Take the natural logarithm of both sides.
#ln[y] = ln[(lnx)^(tanx)]#
Simplify the right-hand side using the rule #ln[a^n} = nlna#:
#ln[y] = tanx[ln(lnx)]#
Differentiate both sides.
#1/y(dy/dx) = square#
Inset: #square#
The derivative of the right hand side is fairly complex. We have to first find the derivative of #ln(lnx)# using the chain rule, followed by the derivative of #tanx xx ln(lnx)#, using the product rule.

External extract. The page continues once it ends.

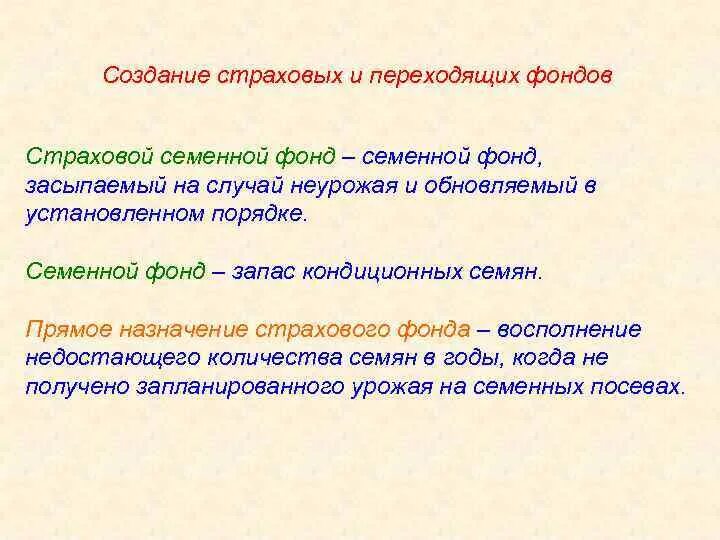 За счет чего создаются страховые фонды. Страхование представляет собой экономические отношения. За счет чего создаются страховые фонды. За счет чего создаются страховые фонды. Фонд накопления и фонд потребления предприятия.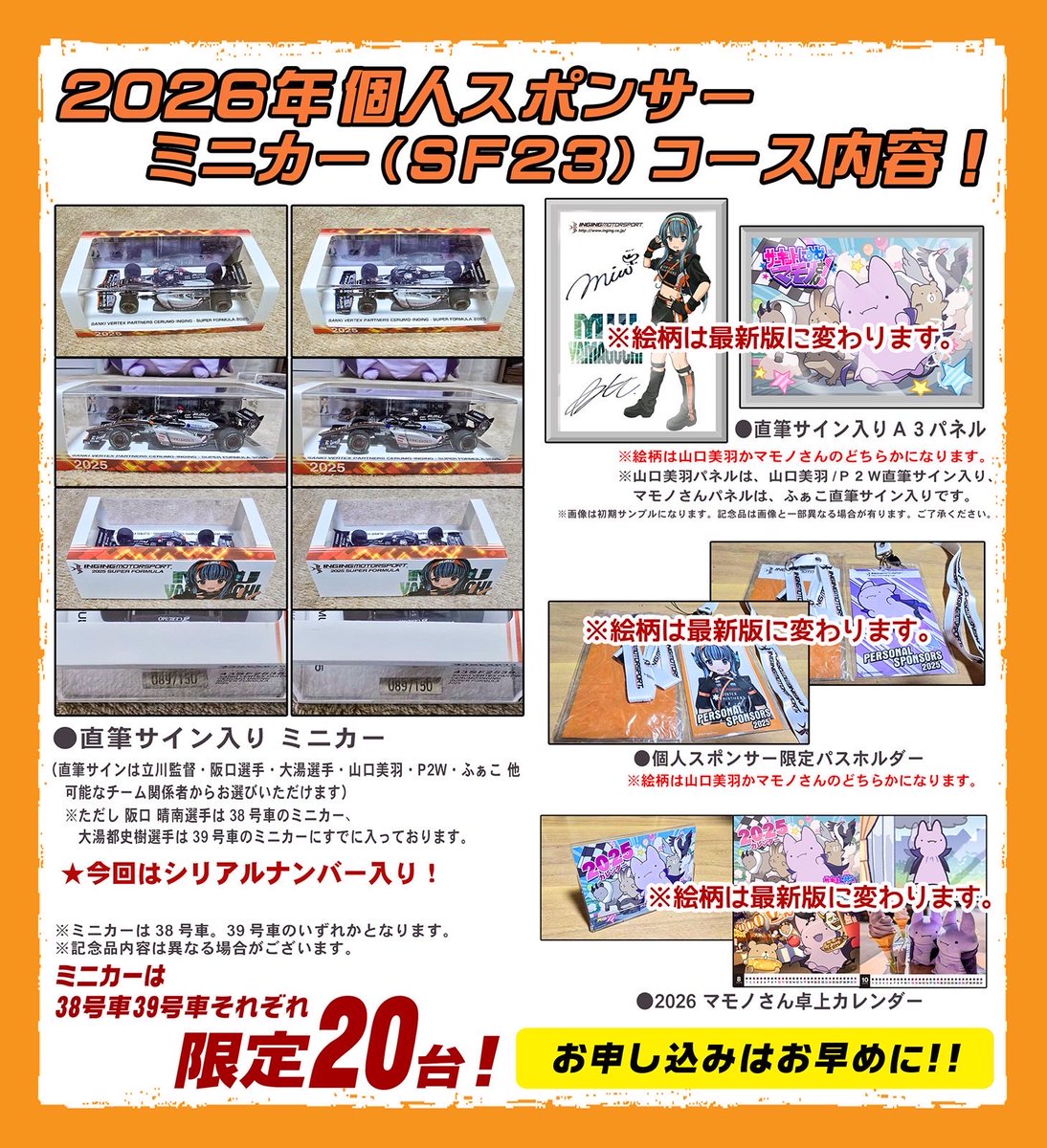 ingingmiu's tweet image. 2026年個人スポンサーミニカーコースが限定数で本日11月28日から募集開始！

SANKI VERTEXPARTNERS CERUMO・INGING を応援したい！と思って下さる皆様のご応募を心からお待ちしています。

詳細は下記より♪
inging-miu.com

#sformula  #SUPERGT  #INGING  #全日本ラリー #インギング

Let #y = ln(u)# and #u = lnx#. Then #y' = 1/u# and #u' = 1/x#.
#u' = 1/u xx 1/x = 1/(lnx) xx 1/x = 1/(xlnx)#
Now we have to find the derivative for #tanx# so that we have enough information to apply the product rule.
#tanx = sinx/cosx#
By the quotient rule:
#(tanx)' = (cosx xx cosx - (-sinx xx sinx))/(cosx)^2#
#(tanx)' = (cos^2x + sin^2x)/(cos^2x)#
Applying the pythagorean identity #cos^2x + sin^2x = 1#:
#(tanx)' = 1/(cos^2x) = sec^2x#
Next, apply the product rule:
Let #y = g(x) xx h(x)#, where #g(x) = ln(lnx) and h(x) = tanx#:
#y' = (1/(xlnx) xx tanx + ln(lnx) xx sec^2x)#
#y' = tanx/(xlnx) + sec^2xln(lnx)#
Putting this into the place of the #square#:
#1/y(dy/dx) = tanx/(xlnx) + sec^2xln(lnx)#
#dy/dx = ( tanx/(xlnx) + sec^2xln(lnx))/(1/y)#
#dy/dx = y( tanx/(xlnx) + sec^2xln(lnx))#
#dy/dx= (lnx)^(tanx)( tanx/(xlnx) + sec^2xln(lnx))#
I know it's quite messy, but it worked!!
Practice exercises:
- Determine the derivative of the given relation.
a) #f(x) = log_2(sin(3x + 4))#
b) #g(x) = (2lnx)^(sec(3x + 5))#
Hopefully this helps, and good luck!